Why check for sql injection in the 'name' field, that must contain just letters and the apostrophe char? Just remove everythings that is not letter or apostophe, add slashes for the last one, and run into a parametrized query. Then, if you aspect an email, just delete everythings that is not an email..
Upvotes: 0
Views: 496
Reputation: 115691
What are you trying to do? If you need to sanitize input to save data to the database, there's nothing better than parameterized queries.
See this for an example.
Upvotes: 0
Reputation: 106904
The idea is fine in itself, however I wonder if it really will be very useful.
For one thing, SQL injections and HTML injections can (should) be protected in another way.
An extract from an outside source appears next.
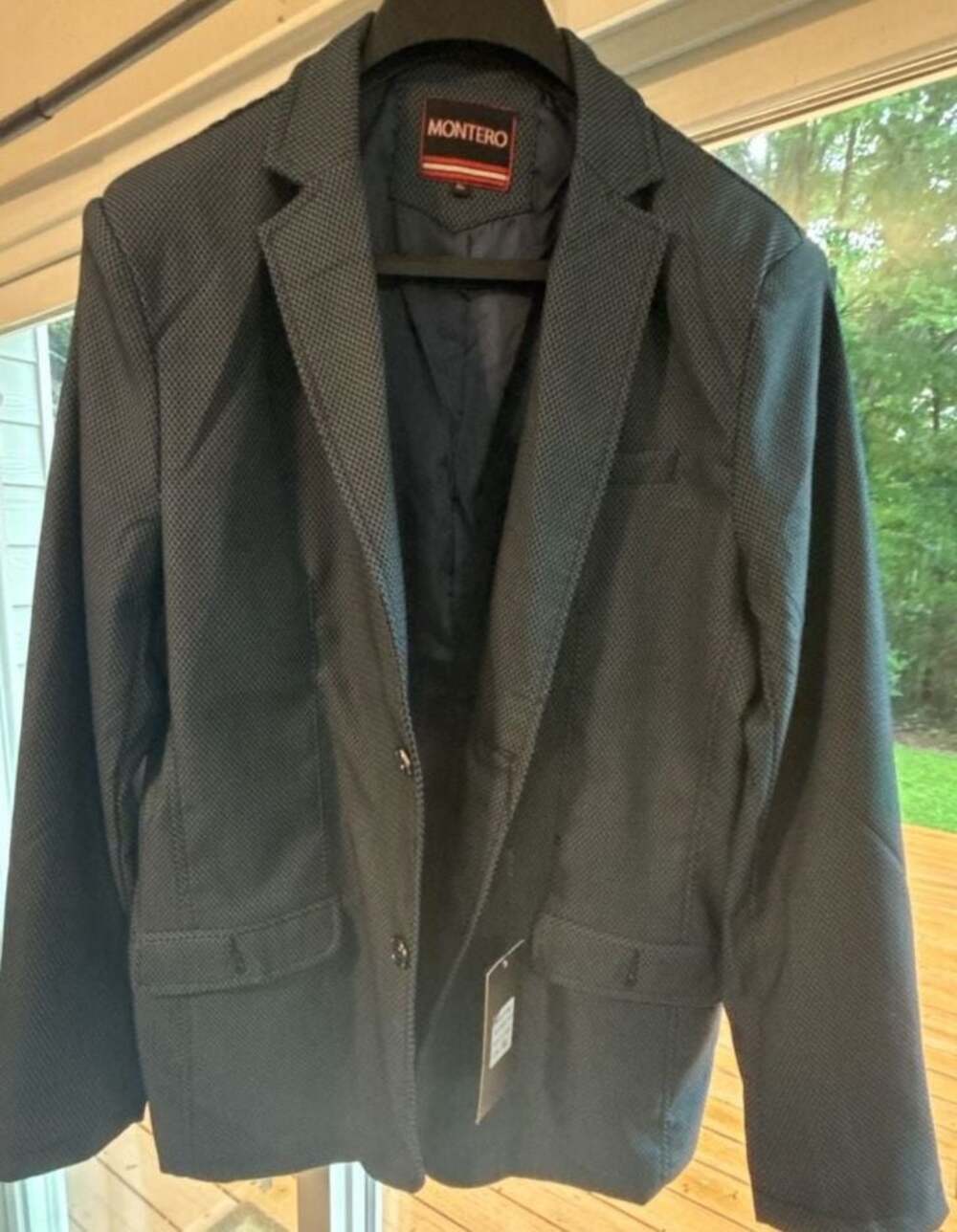 Montero Men's Textured Two-Button Sport Coat Blazer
SQL injections are prevented by parametrized queries (a must-have this day and age); and HTML injections are prevented by htmlspecialchars()
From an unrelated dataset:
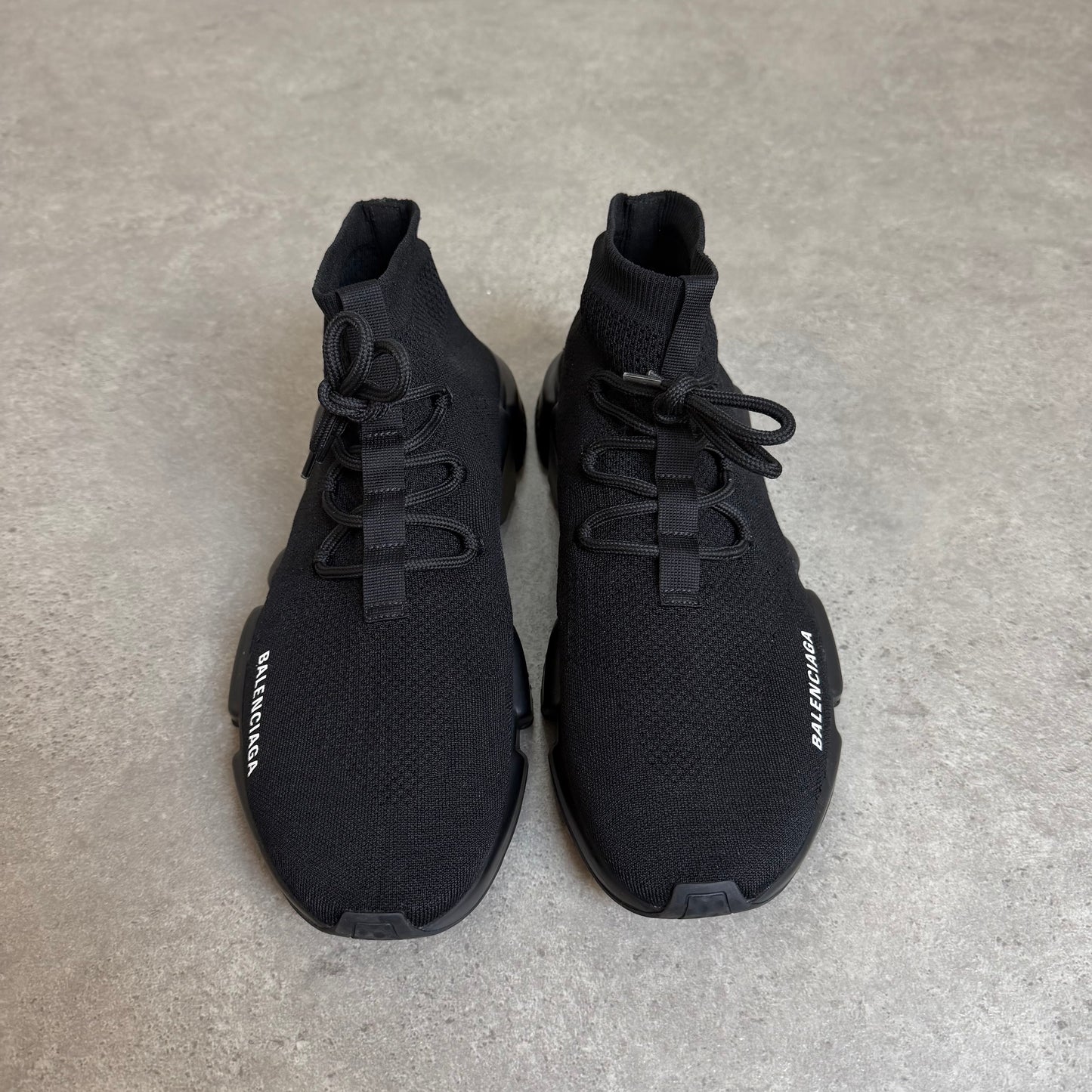 LACE UP SPEED TRAINER - SIZE UK 9 (Fit UK 10)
method, which should be called right before outputting the string to the user. Don't store encoded strings in the DB or (even worse) - encode them as soon as receiving them. Working with them will be a hell later.
Other than these two injection attacks, what will your method do? Well, it can do some regexps for stuff like numbers, phone numbers, emails, names and dates. But that's about it. Unfortunately that's just a part of all the validations you will have to do. Other common cases that you cannot validate there are cross-checking of inputs (start date before end date), and checking that a value is in a list of allowed predefined values (say, for a <select>
element). And there are an infinite number of custom validation steps that you will have in your application as well. Is it worth to split up all validation in "generic type validation" and "custom rule validation"? I don't know. Perhaps. Or perhaps this will just make a bigger mess.
Upvotes: 0
Reputation: 42306
There are many well-made PHP tested classes that already sanitize inputs. Why make another one? Besides, sanitizing input is more than just verifying data types. It implies checking for sql injections, xss attacks, etc...
Upvotes: 2